§ **What this task involves**:
Take the line with "BMW X1 xDrive25e xLine - 16" and every line after it, through the end of the listing, and give them again exactly, pictures excluded.

§ **Data**:
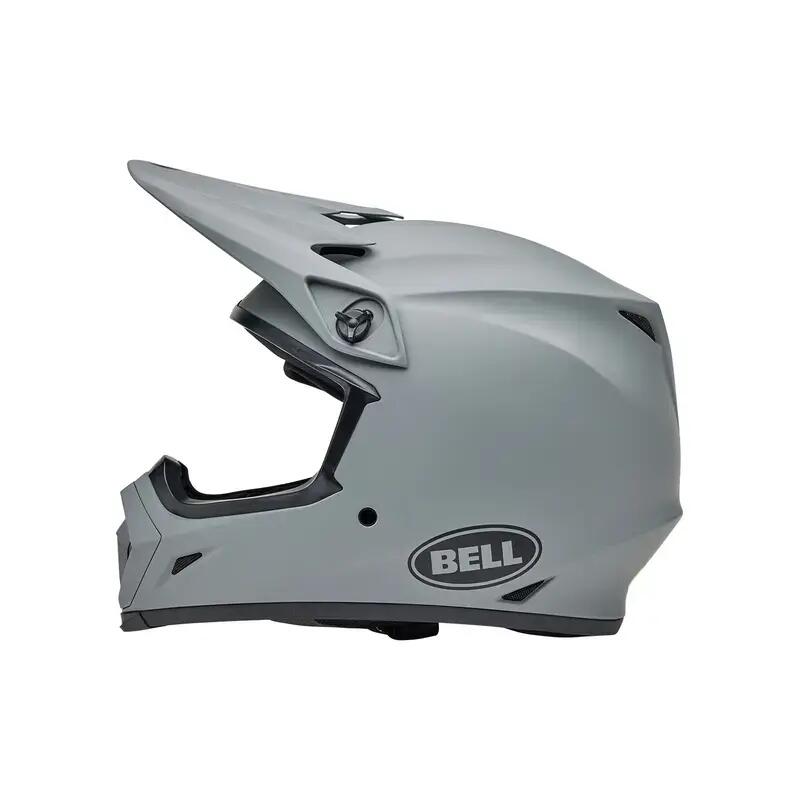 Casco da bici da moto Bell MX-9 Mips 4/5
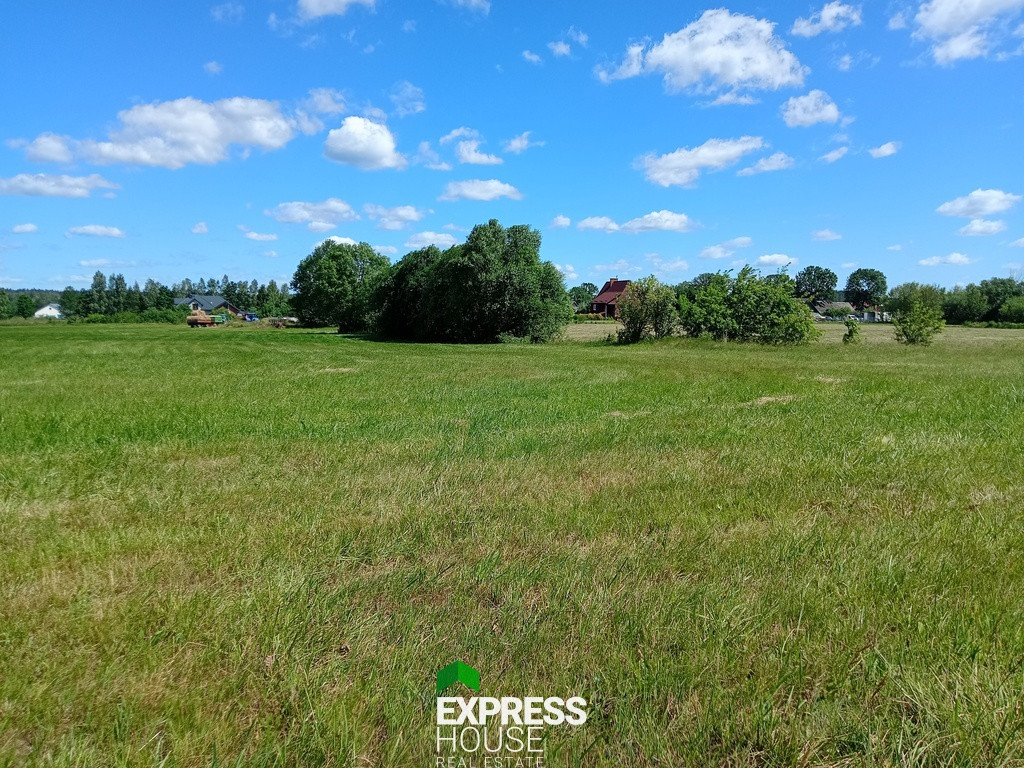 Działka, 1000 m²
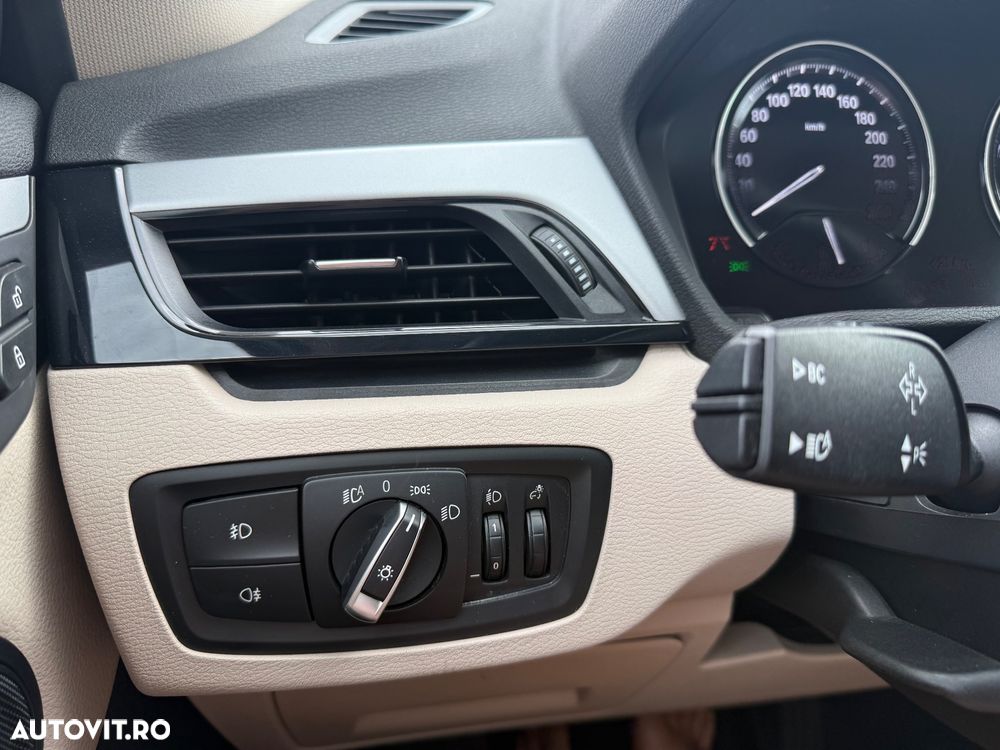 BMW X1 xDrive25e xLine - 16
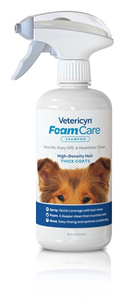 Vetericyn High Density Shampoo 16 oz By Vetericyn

§ **Result of the task**:
 BMW X1 xDrive25e xLine - 16
 Vetericyn High Density Shampoo 16 oz By Vetericyn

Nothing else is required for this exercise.